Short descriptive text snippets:

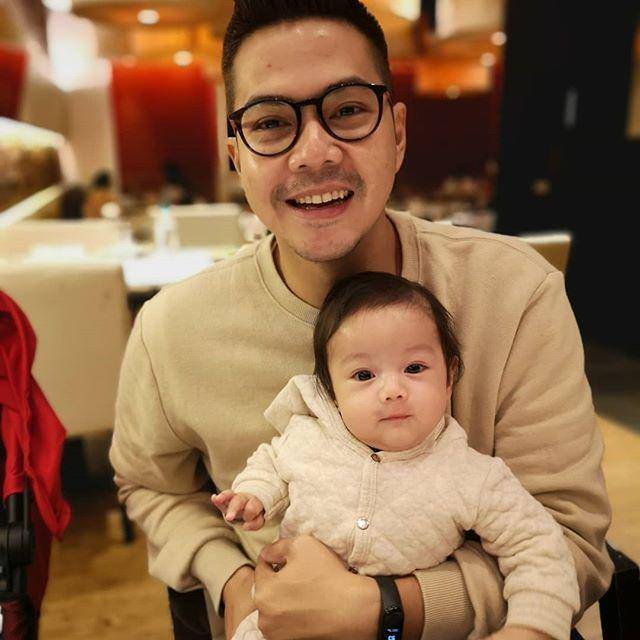 instagram.com/arie10andika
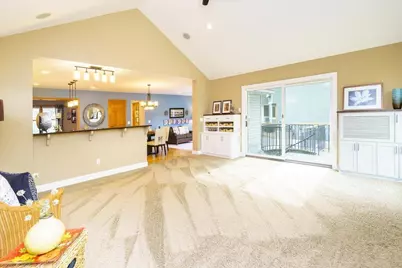 648 Welland Court, Eagan, MN 55123 - Photo 20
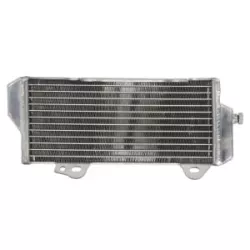 Αριστερό ψυγείο νερού RAD-126L Suzuki RM-X 450Z 2017 / RM-Z 450 2012-2017 Αριστερό ψυγείο νερού RAD-126L Suzuki RM-X 450Z 2017 / RM-Z 450 2012-2017
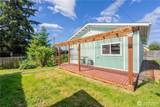 2424 Cleveland Avenue - Photo 33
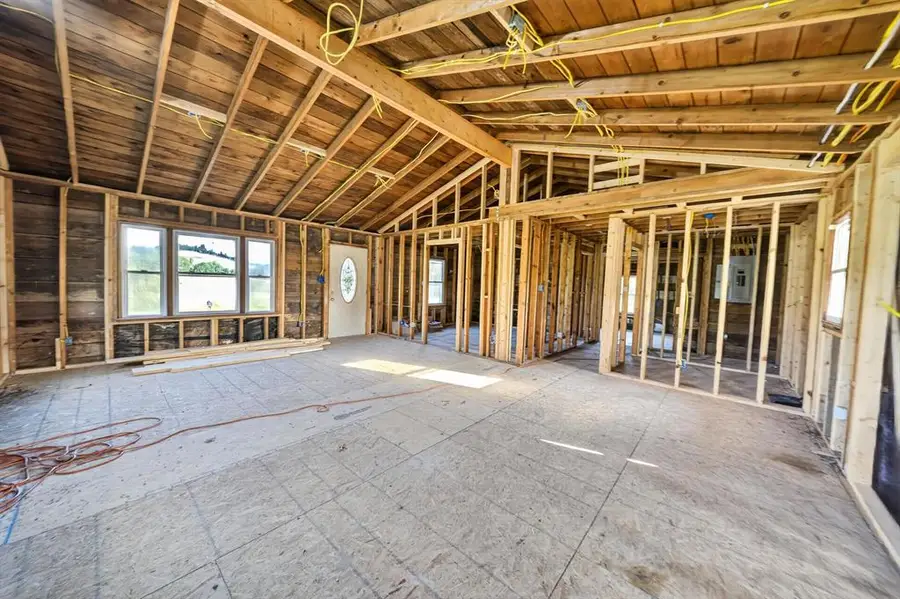 809 Mt Vernon Rd, Hartford, KY 42347 - #2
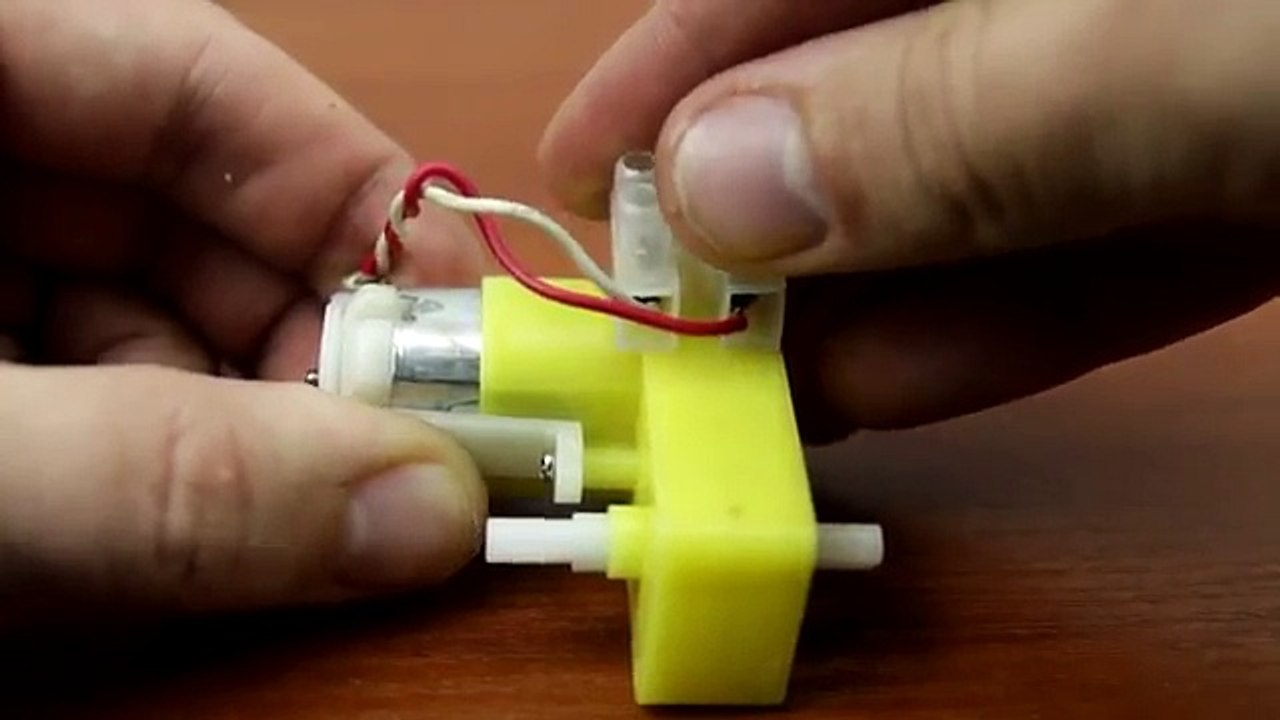 3 Simple Life Hacks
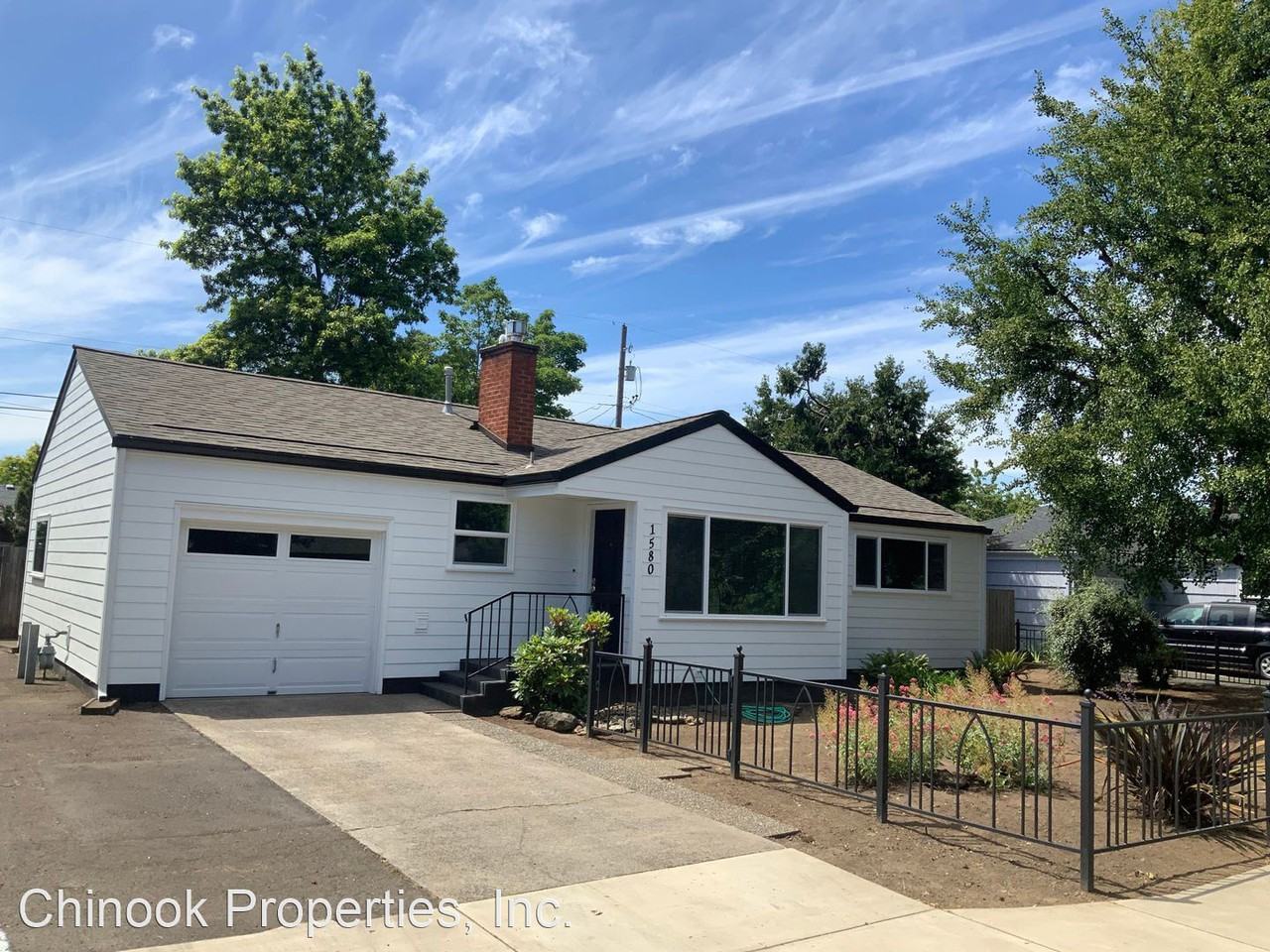 1580 Grove St, Eugene, OR 97404 2 Bedroom House for 1,795/month Zumper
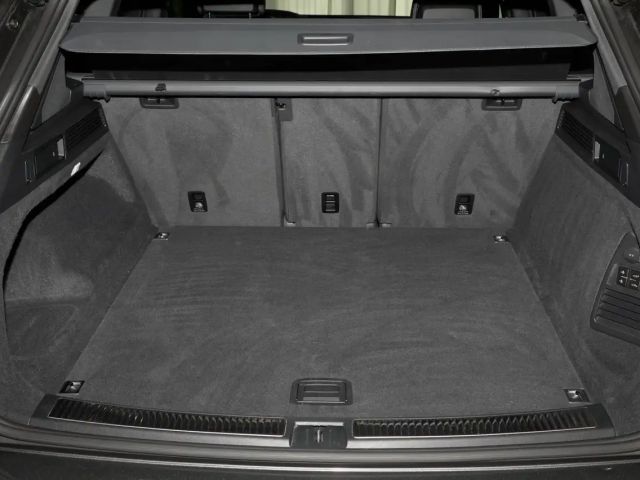 Volkswagen Touareg 3.0 V6 TDI R-Line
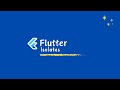 Flutter Isolates Explained: Boost Performance with Parallel Execution & Compute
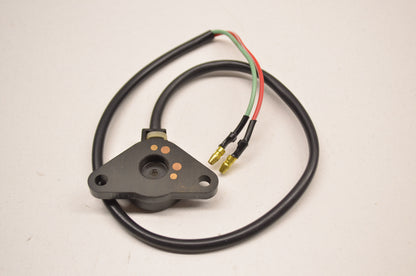 OEM Kawasaki 13151-1059 Neutral Switch NOS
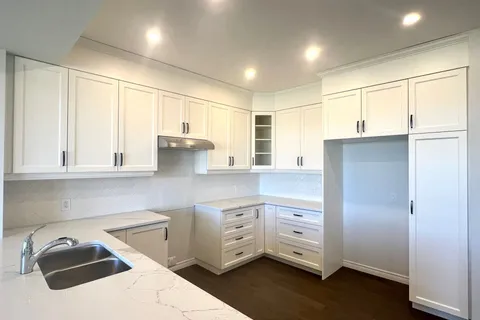 264 Tanglewood Drive, ON L0R 1C0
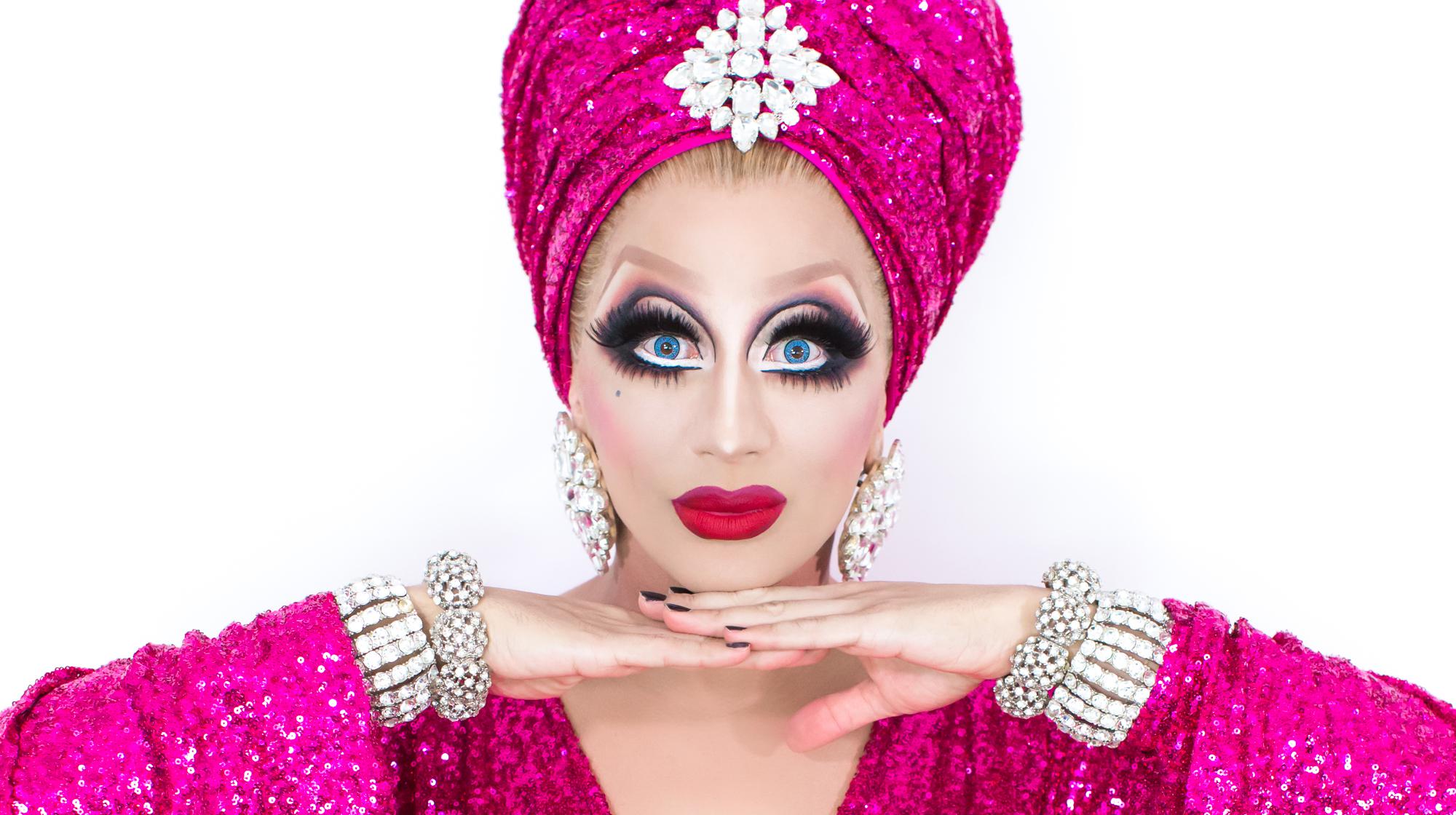 christopher allen johnson add photo bianca del rio youtube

### EXERCISE REQUIREMENTS
Pictures stay out of this copy; write out the entries above exactly.

### RESPONSE TO THIS EXERCISE
 instagram.com/arie10andika
 648 Welland Court, Eagan, MN 55123 - Photo 20
 Αριστερό ψυγείο νερού RAD-126L Suzuki RM-X 450Z 2017 / RM-Z 450 2012-2017 Αριστερό ψυγείο νερού RAD-126L Suzuki RM-X 450Z 2017 / RM-Z 450 2012-2017
 2424 Cleveland Avenue - Photo 33
 809 Mt Vernon Rd, Hartford, KY 42347 - #2
 3 Simple Life Hacks
 1580 Grove St, Eugene, OR 97404 2 Bedroom House for 1,795/month Zumper
 Volkswagen Touareg 3.0 V6 TDI R-Line
 Flutter Isolates Explained: Boost Performance with Parallel Execution & Compute
 OEM Kawasaki 13151-1059 Neutral Switch NOS
 264 Tanglewood Drive, ON L0R 1C0
 christopher allen johnson add photo bianca del rio youtube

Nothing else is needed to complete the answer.